A new study shows why this vitamin is even more beneficial than we thought.
A new cell study shows that vitamin D restores a healthy balance between two compounds necessary for heart health.
Nitric oxide is vital for maintaining youthful elasticity in blood vessels. But nitric oxide works in conjunction with a destructive compound called peroxynitrite.
You want more nitric oxide, while minimizing peroxynitrite.
Too much peroxynitrite can lead to the hardening of the arteries, known as arterial stiffness (atherosclerosis), which is a major risk factor for heart attack and stroke.
Peroxynitrite is a destructive free radical which can reduce elasticity in the artery, thus damaging the cardiovascular system.
Oxidative stress is just one of several suspected causes of arterial stiffness. Other suspected causes include stress, inflammation, age, and sugar.
Hardening of the arteries is like a clogged pipe, dangerously increasing a buildup of pressure.
The hardened arteritis are much more vulnerable to rupture, which increases stroke risk, especially when blood pressure is elevated.
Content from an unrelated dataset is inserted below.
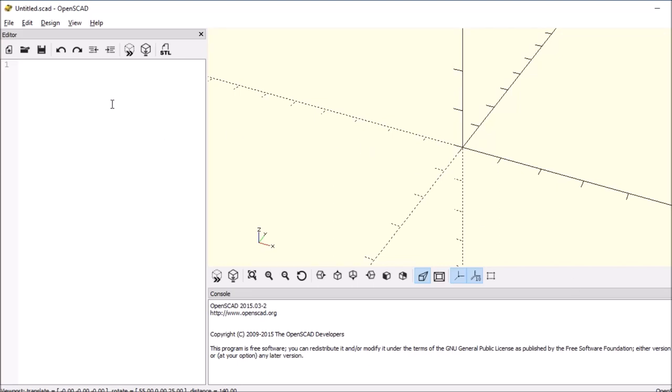Today we're going to talk about Minkowski. This is a really cool function. What you can do is combine two objects and it really makes it nice. So let's try it out.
Once the system is damaged, it’s only a matter of time before major problems occur.
Healthy blood flow is vital to get nutrients and oxygen carried throughout your body and for sending waste products out.
Hardened arteries do not cause symptoms until blood flow to a certain area of the body is slowed or blocked.
If the arteries supplying blood to the heart become narrow, this will cause chest pain (stable angina), shortness of breath, and other symptoms.
Narrowed or blocked arteries may also cause problems in the intestines, kidneys, legs, and brain.
The new study done by researchers at Nanomedical Research Laboratory at Ohio University was conducted to understand the connection between vitamin D and proper arterial function.
The arterial cells were treated with a human hormone that created distressed cells. As expected, the cells started producing a higher amount of peroxynitrite, altering the ratio of nitric oxide to peroxynitrite.
When researchers began adding vitamin D in tiny amounts, remarkable changes began happening.
With the presence of vitamin D3, nitric oxide levels rose.
Nearly a ten time increase flooded into the cells.
The study suggests that vitamin D supplementation restores normal function in the endothelium, a thin membrane that lines the inside of the heart and blood vessels.
Endothelial cells release substances that control vascular relaxation and contraction, as well as enzymes that control blood clotting, immune function, and platelet (a colorless substance in the blood) adhesion.
The improvement in this system can have remarkable health benefits besides preventing heart attack and stroke.
People with chronic kidney disease along with a vitamin D deficiency should talk to their doctor about supplementing because it may allow any damaged arteries to relax and work more effectively.
Obese patients have been found to benefit from vitamin D supplementation to help reduce the damage done by high blood pressure.
This latest study gives hope that even after damage has occurred, supplementing with vitamin D may give some patients more elastic and youthful arteries.